= What you have to do =
Every record below is to be copied exactly, with its images omitted.

----

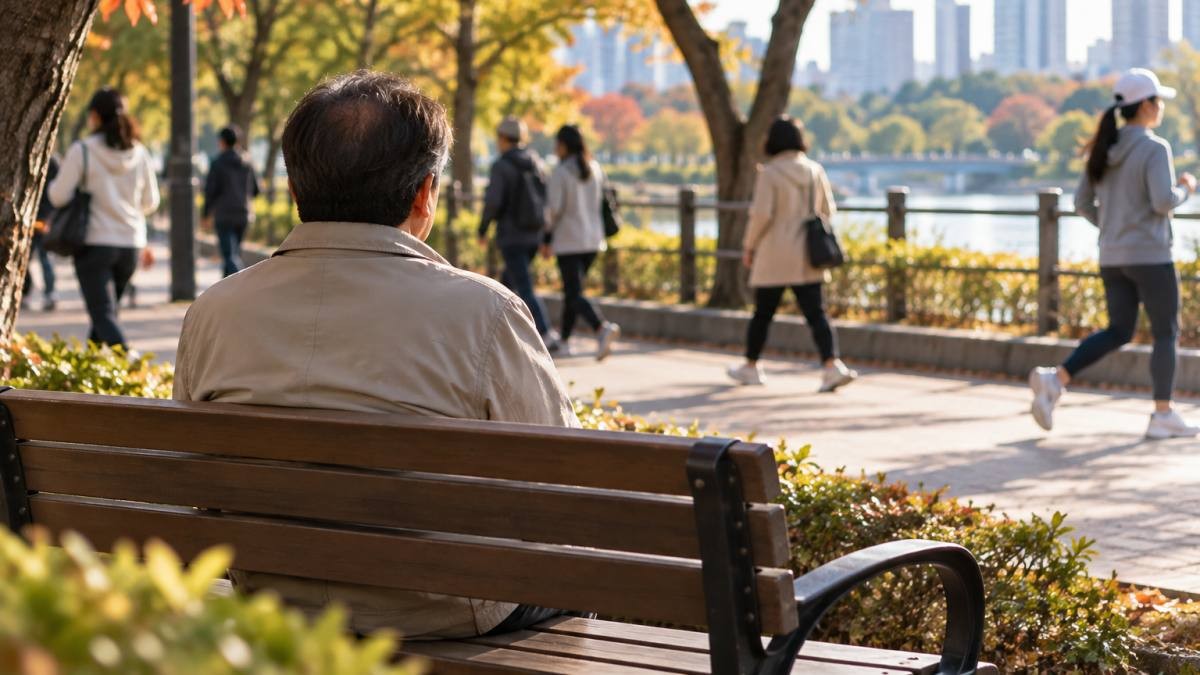 기사 내용을 바탕으로 제작한 AI 이미지. 실제 모습과 차이가 있을 수 있습니다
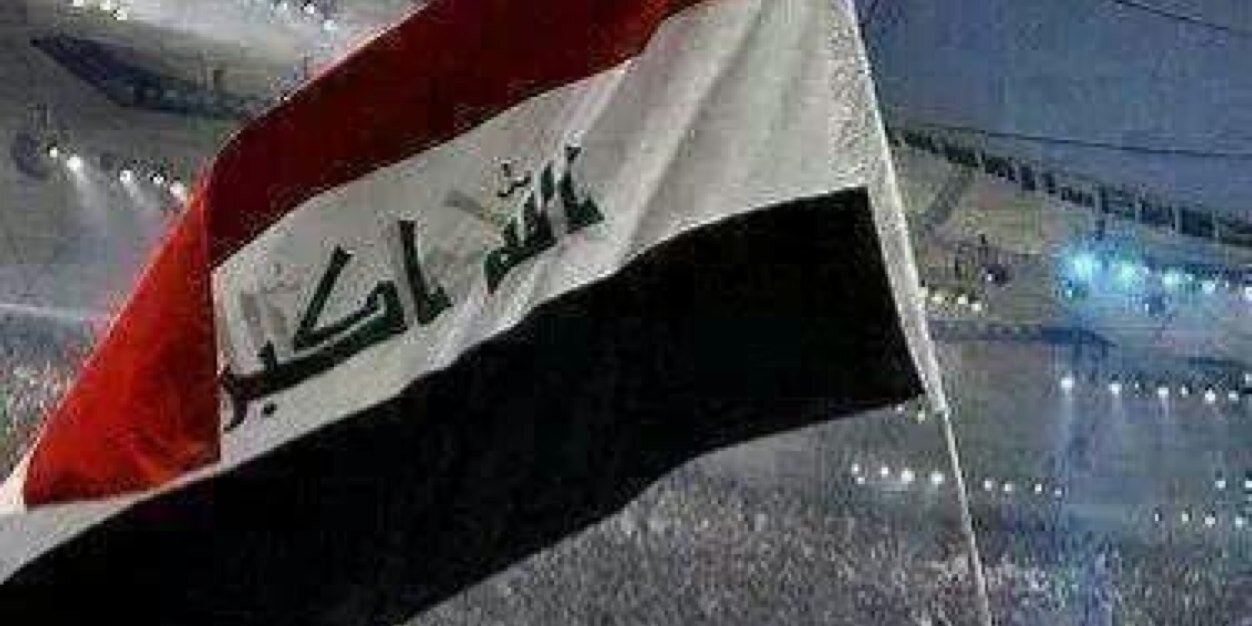 khalilkhza1's profile banner image
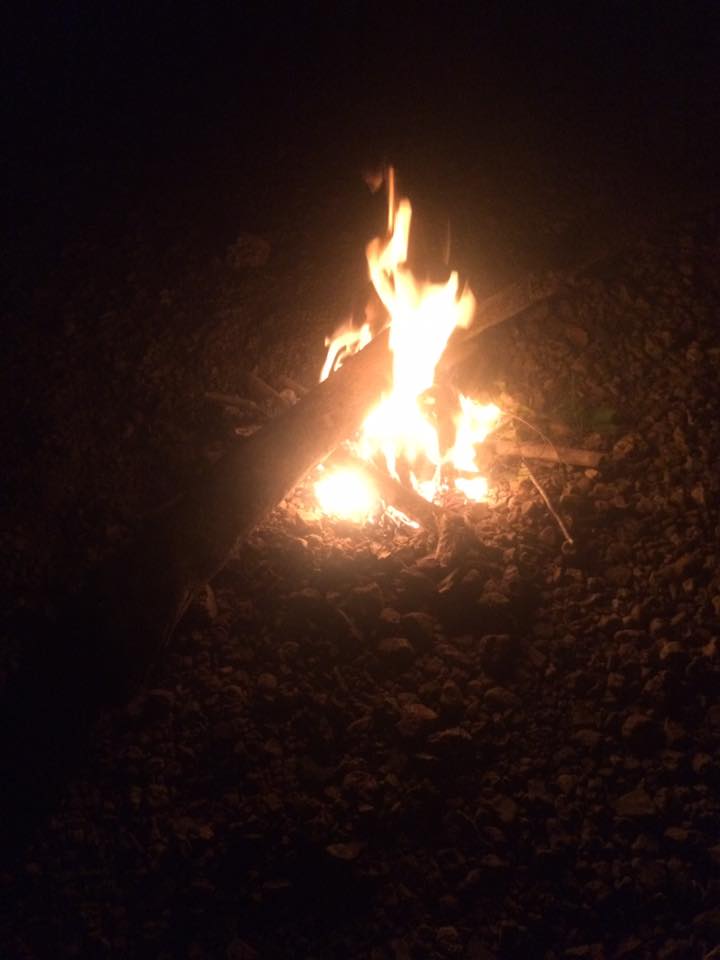 13439210_10153774100013041_5733357309095426346_n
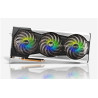 Sap rX6900XT Nitro Se rgb 16G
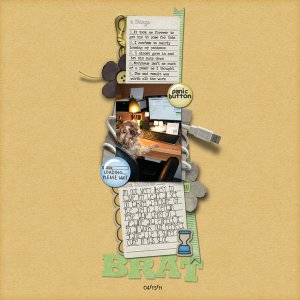 055-04-11-Brat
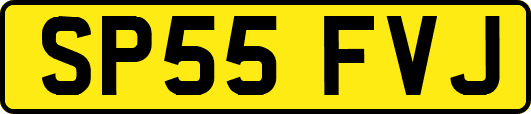 SP55FVJ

----

= Response box =
 기사 내용을 바탕으로 제작한 AI 이미지. 실제 모습과 차이가 있을 수 있습니다
 khalilkhza1's profile banner image
 13439210_10153774100013041_5733357309095426346_n
 Sap rX6900XT Nitro Se rgb 16G
 055-04-11-Brat
 SP55FVJ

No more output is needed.